The lack of food access in low-income, minority neighborhoods is an example of systemic racism. According to Marsiglia and Kulis (2009), systemic racism is a form of discrimination that has been adopted into the systems of our society and become commonplace. It seems fair to assert that most people who live outside urban areas do not realize that food access is even an issue: it is so ordinary that we don’t even consider the inequality behind it. Therefore, we are playing into systemic racism and we don’t even know it.
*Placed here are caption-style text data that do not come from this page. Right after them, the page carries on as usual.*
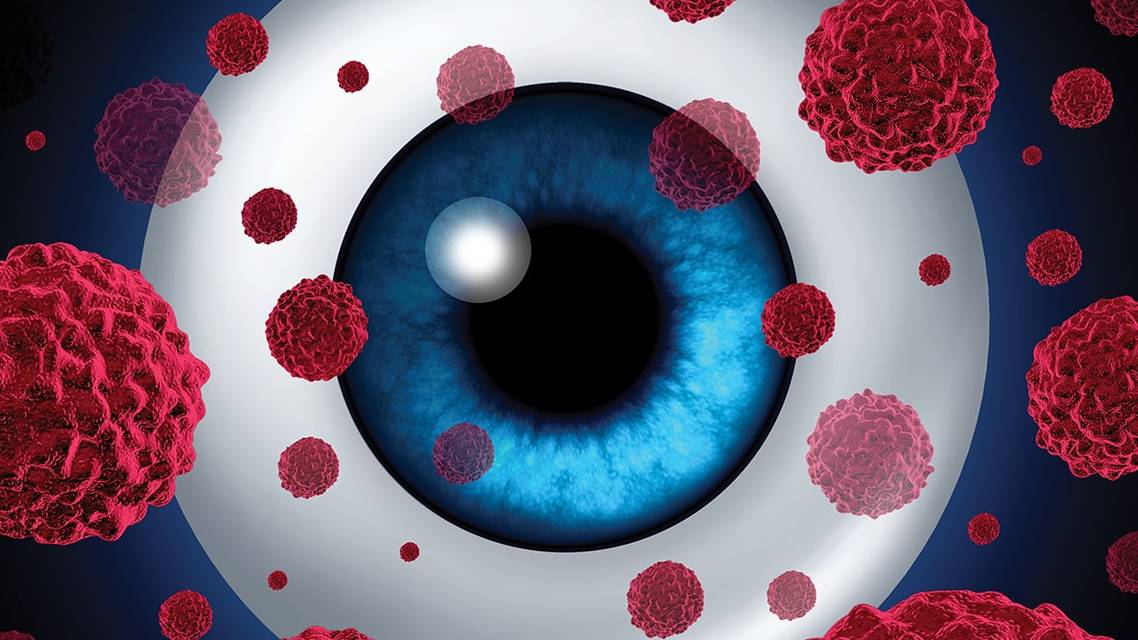 Case Report Ocular Melanoma
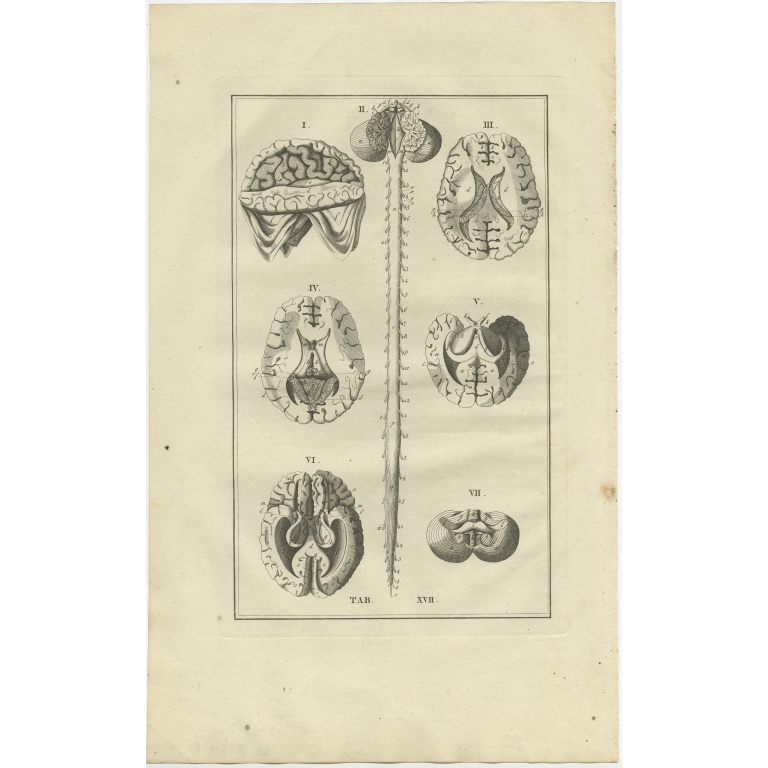 Pl. 17 Antique Anatomy Print of the Brain and Spinal Cord by Elwe (1798)
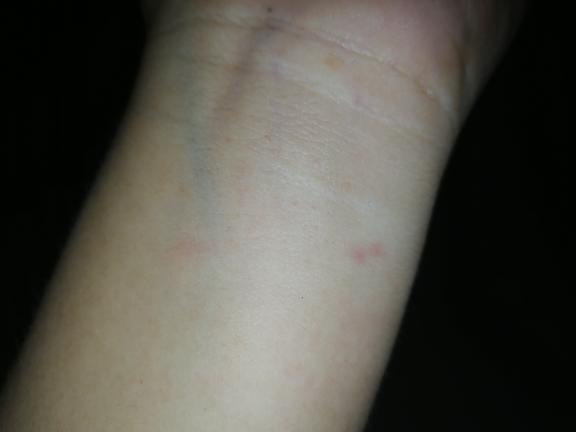 惊险！男子遭蛇咬，骑行就医途中毒发倒地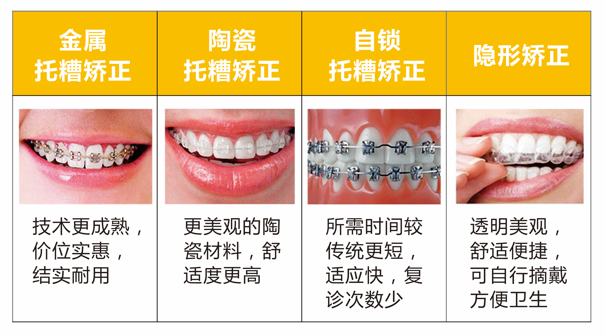 常见的牙齿矫正方式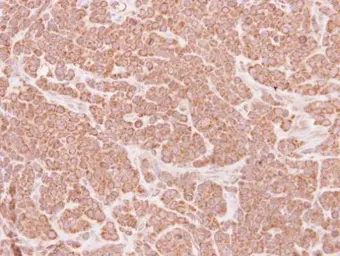 Anti-DAP3 antibody [N1C2-2] used in IHC (Paraffin sections) (IHC-P). GTX113864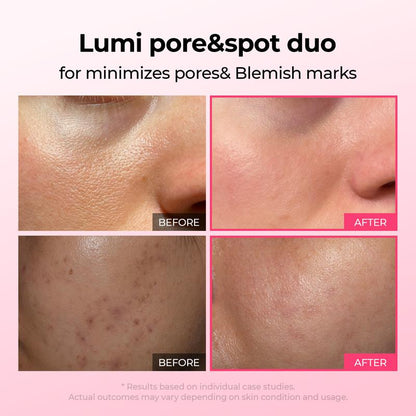 Flow+™ Pore & Spot Care Duo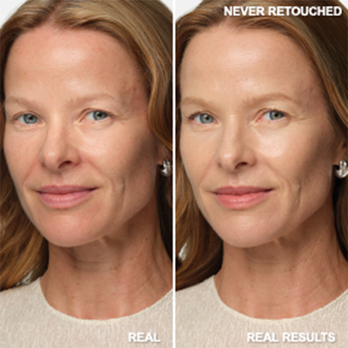 91% said skin texture is refined*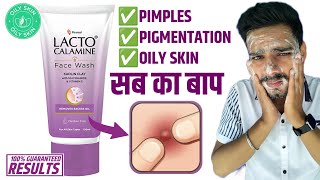 Lacto Calamine Face Wash Genuine Review  Benefits  Side Effects amp Ingredients  For Oily Skin [upl. by Asert]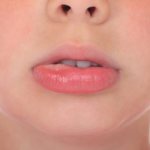 Аллергия на губах у взрослых и детей: симптомы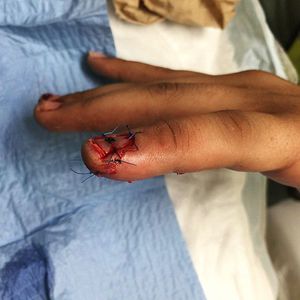 Fingertip reconstruction - MEDizzy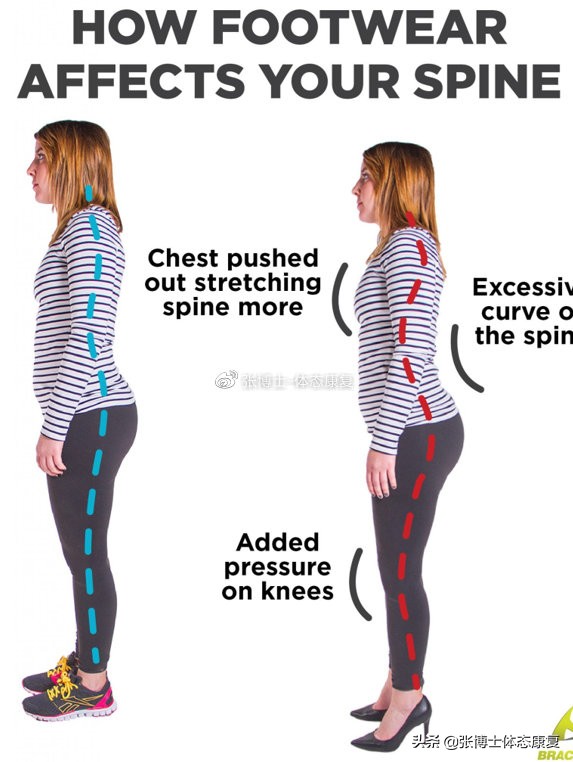 「体态康复」缓解下背痛的十六条建议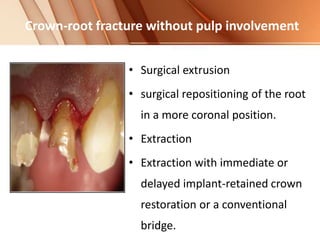 Crown-root fracture without pulp involvement
• Surgical extrusion
• surgical repositioning of the root
in a more coronal position.
• Extraction
• Extraction with immediate or
delayed implant-retained crown
restoration or a conventional
bridge.
 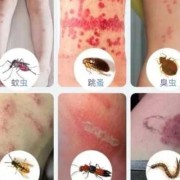 孕期丘疹性荨麻疹（丘疹型荨麻疹该怎样治疗）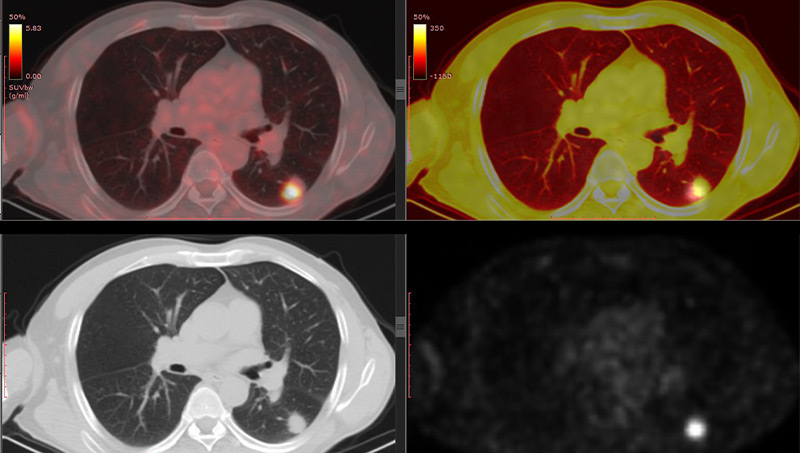 MRI vs CT vs PET vs X-Ray at Halo Body Scan in Oklahoma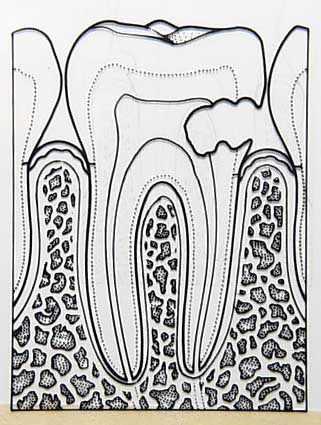 [80009535caries.jpg]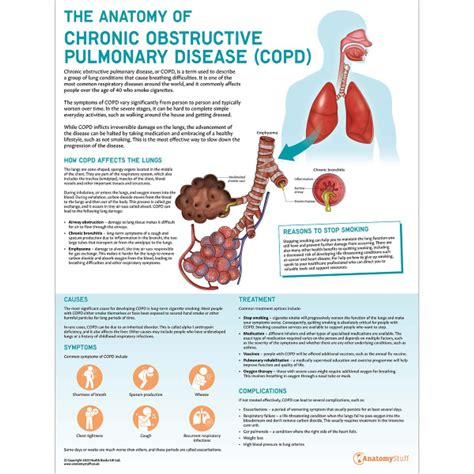 COPD Management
When we do gain awareness of the issue however, it can be tempting to find ways to rationalize it. For example, we may argue that cities have a lot less land to develop grocery stores on, that the stores really aren’t that much further apart, or that there are likely other reasons behind the poor health members of low-income minority neighborhoods face. By doing this, we are engaging in another form of racism: naturalization. Naturalization is a “frame to normalize events that could otherwise be interpreted as racially motivated” (Bonilla-Silvia, 2001, p. 134). When we are grabbing for excuses to explain why things are the way they are, we are attempting to naturalize the issue as opposed to trying to raise the awareness of it and fix it.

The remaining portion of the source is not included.